* Task objective: Start at the first line of the material. Repeat each line exactly through the one containing "아디다스 X 송포더뮤트 트랙자켓 블랙 US XL 상품이미지5", then stop.
------------------------
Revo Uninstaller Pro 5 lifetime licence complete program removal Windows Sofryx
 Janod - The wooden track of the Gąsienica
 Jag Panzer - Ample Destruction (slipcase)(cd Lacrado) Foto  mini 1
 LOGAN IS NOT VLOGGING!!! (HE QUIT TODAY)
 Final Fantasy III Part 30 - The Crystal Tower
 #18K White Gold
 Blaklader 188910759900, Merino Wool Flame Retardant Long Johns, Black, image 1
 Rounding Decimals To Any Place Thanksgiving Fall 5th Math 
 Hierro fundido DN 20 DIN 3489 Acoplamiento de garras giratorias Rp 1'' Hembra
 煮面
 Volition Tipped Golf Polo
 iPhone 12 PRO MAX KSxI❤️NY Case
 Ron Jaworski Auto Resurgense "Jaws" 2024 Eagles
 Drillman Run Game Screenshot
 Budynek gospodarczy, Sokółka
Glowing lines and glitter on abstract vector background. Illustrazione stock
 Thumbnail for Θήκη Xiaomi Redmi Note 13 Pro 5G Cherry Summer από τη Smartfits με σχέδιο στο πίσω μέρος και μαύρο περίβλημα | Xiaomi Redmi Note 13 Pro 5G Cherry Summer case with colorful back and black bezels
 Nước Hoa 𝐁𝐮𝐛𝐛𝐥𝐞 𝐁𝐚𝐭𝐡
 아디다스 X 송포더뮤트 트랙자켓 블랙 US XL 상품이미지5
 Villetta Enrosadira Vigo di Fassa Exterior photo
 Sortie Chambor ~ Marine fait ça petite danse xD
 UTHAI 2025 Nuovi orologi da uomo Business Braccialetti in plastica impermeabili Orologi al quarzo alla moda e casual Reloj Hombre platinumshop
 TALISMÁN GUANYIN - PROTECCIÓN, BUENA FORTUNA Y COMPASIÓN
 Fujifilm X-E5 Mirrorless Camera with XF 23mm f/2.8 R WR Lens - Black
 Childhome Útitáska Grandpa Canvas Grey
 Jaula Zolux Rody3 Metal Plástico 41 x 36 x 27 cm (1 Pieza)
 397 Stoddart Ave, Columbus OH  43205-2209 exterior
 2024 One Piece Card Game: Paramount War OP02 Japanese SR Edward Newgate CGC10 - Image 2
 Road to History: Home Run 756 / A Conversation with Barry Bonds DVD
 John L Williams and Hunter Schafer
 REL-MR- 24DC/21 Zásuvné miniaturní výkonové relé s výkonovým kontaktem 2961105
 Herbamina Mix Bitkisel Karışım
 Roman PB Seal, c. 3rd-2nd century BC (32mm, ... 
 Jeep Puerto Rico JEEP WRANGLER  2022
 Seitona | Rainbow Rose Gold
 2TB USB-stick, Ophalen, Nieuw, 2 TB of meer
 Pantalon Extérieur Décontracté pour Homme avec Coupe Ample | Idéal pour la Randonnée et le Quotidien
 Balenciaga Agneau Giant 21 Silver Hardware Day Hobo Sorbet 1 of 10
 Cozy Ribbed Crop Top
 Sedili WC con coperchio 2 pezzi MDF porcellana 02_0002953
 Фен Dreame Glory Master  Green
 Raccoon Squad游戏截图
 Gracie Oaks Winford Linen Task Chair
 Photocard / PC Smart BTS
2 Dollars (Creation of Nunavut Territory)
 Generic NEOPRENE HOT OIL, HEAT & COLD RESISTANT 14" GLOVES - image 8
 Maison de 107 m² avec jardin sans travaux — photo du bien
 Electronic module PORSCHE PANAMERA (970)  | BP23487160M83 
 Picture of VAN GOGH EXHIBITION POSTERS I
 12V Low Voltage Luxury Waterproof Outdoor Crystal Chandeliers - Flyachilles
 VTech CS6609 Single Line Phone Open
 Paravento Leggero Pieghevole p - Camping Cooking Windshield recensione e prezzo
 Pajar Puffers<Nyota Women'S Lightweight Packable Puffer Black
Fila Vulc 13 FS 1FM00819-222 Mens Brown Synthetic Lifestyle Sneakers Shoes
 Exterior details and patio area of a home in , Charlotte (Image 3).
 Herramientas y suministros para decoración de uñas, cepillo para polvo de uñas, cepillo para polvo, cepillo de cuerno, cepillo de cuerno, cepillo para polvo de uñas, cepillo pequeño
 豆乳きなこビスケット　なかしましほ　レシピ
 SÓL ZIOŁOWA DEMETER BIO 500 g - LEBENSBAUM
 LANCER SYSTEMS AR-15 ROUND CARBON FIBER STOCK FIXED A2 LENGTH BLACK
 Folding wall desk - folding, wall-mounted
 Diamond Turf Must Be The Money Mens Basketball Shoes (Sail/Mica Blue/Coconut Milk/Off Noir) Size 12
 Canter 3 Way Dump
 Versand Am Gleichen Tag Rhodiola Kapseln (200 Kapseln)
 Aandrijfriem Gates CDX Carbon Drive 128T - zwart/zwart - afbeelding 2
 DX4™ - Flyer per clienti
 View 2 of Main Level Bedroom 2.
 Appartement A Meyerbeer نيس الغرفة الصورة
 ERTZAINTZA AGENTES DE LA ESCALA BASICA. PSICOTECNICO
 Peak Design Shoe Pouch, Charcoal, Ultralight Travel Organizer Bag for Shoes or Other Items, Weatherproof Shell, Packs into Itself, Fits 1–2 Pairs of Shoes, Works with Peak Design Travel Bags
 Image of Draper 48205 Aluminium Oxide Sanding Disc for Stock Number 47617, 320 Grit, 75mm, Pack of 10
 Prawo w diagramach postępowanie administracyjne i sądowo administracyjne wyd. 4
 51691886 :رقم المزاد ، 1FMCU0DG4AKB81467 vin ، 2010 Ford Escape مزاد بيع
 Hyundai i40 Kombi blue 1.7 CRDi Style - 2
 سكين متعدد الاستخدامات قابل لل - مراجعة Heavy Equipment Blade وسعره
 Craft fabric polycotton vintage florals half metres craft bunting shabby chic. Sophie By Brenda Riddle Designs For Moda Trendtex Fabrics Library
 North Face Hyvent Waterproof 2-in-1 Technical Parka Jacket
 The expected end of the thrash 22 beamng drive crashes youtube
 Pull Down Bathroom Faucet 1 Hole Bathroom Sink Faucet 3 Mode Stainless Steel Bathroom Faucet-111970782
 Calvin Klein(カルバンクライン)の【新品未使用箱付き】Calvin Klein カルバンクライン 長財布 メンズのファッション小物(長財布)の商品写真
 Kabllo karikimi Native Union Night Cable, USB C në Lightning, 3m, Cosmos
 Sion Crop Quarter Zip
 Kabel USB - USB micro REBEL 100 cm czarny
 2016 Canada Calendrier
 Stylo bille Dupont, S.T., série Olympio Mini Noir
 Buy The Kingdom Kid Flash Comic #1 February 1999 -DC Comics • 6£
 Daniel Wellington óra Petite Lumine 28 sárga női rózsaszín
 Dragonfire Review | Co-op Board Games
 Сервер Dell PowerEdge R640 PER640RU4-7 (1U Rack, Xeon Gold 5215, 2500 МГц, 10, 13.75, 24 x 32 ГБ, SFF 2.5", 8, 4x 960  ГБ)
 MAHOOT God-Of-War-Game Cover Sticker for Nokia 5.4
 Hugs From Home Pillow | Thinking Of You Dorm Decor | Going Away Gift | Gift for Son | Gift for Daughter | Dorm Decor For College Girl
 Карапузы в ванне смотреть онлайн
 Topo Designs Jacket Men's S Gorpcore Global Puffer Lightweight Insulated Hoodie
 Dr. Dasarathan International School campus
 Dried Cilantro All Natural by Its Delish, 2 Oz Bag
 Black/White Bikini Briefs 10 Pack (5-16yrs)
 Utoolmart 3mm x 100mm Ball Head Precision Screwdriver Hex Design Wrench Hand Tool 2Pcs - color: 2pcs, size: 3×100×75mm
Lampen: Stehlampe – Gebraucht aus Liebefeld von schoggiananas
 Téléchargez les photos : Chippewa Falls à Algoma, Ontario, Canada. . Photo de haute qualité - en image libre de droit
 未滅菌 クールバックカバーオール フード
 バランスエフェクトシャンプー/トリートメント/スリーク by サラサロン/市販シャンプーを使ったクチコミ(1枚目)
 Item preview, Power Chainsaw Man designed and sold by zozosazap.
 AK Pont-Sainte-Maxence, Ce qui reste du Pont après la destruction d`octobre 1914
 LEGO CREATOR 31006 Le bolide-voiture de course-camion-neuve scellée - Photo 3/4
------------------------
* Answer section:
Revo Uninstaller Pro 5 lifetime licence complete program removal Windows Sofryx
 Janod - The wooden track of the Gąsienica
 Jag Panzer - Ample Destruction (slipcase)(cd Lacrado) Foto  mini 1
 LOGAN IS NOT VLOGGING!!! (HE QUIT TODAY)
 Final Fantasy III Part 30 - The Crystal Tower
 #18K White Gold
 Blaklader 188910759900, Merino Wool Flame Retardant Long Johns, Black, image 1
 Rounding Decimals To Any Place Thanksgiving Fall 5th Math 
 Hierro fundido DN 20 DIN 3489 Acoplamiento de garras giratorias Rp 1'' Hembra
 煮面
 Volition Tipped Golf Polo
 iPhone 12 PRO MAX KSxI❤️NY Case
 Ron Jaworski Auto Resurgense "Jaws" 2024 Eagles
 Drillman Run Game Screenshot
 Budynek gospodarczy, Sokółka
Glowing lines and glitter on abstract vector background. Illustrazione stock
 Thumbnail for Θήκη Xiaomi Redmi Note 13 Pro 5G Cherry Summer από τη Smartfits με σχέδιο στο πίσω μέρος και μαύρο περίβλημα | Xiaomi Redmi Note 13 Pro 5G Cherry Summer case with colorful back and black bezels
 Nước Hoa 𝐁𝐮𝐛𝐛𝐥𝐞 𝐁𝐚𝐭𝐡
 아디다스 X 송포더뮤트 트랙자켓 블랙 US XL 상품이미지5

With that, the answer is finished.